§ **Problem to solve**: Send back the records exactly as written, with no images.

Short web captions:
○ ○ ○ ○ ○
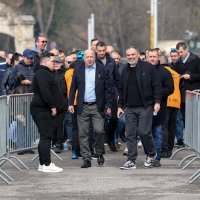 I Velimir Zajec s članovima liste Dinamovo proljeće došao je na izbore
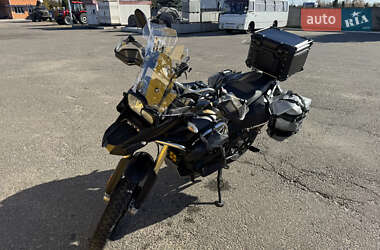 Мотоцикл Туризм BMW F 800GS 2014 в Фастові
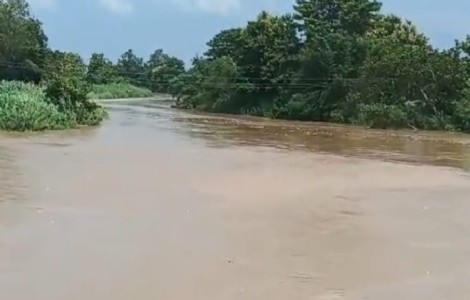 Maharajganj News : राहत की खबर ! नदियां खतरे के निशान से नीचे, बाढ़ को लेकर प्रशासन पूरी तरह सतर्क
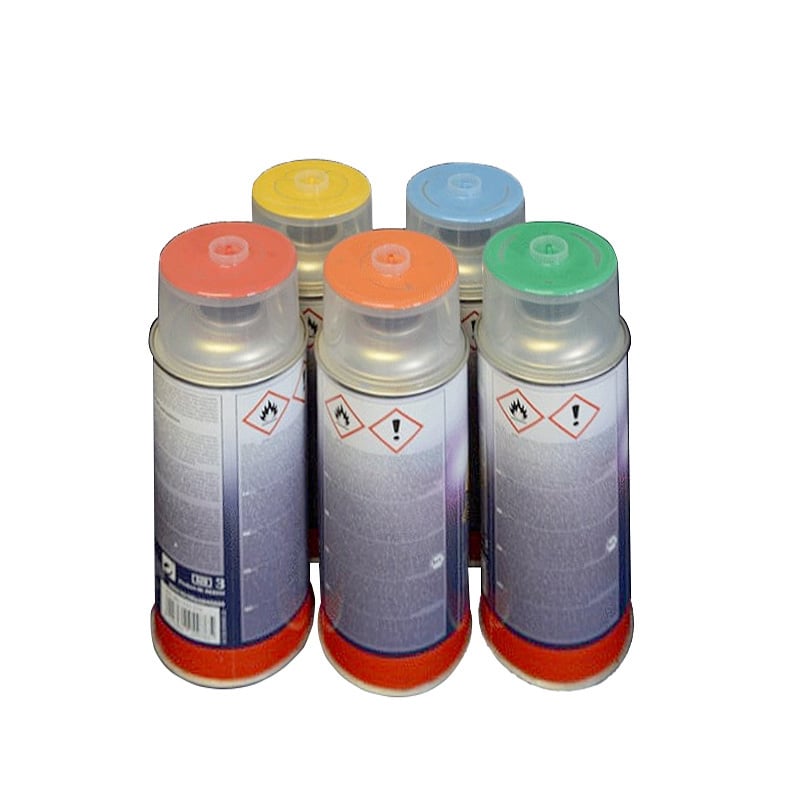 Bombe de Peinture Brillante 400 ml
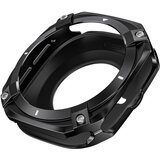 INF kompatibilen cyber kovinski zaščitni ovoj za samsung galaxy Watch7 ultra black, (5000079054) | Shoptok.si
○ ○ ○ ○ ○
§ **Exercise result**:
 I Velimir Zajec s članovima liste Dinamovo proljeće došao je na izbore
 Мотоцикл Туризм BMW F 800GS 2014 в Фастові
 Maharajganj News : राहत की खबर ! नदियां खतरे के निशान से नीचे, बाढ़ को लेकर प्रशासन पूरी तरह सतर्क
 Bombe de Peinture Brillante 400 ml
 INF kompatibilen cyber kovinski zaščitni ovoj za samsung galaxy Watch7 ultra black, (5000079054) | Shoptok.si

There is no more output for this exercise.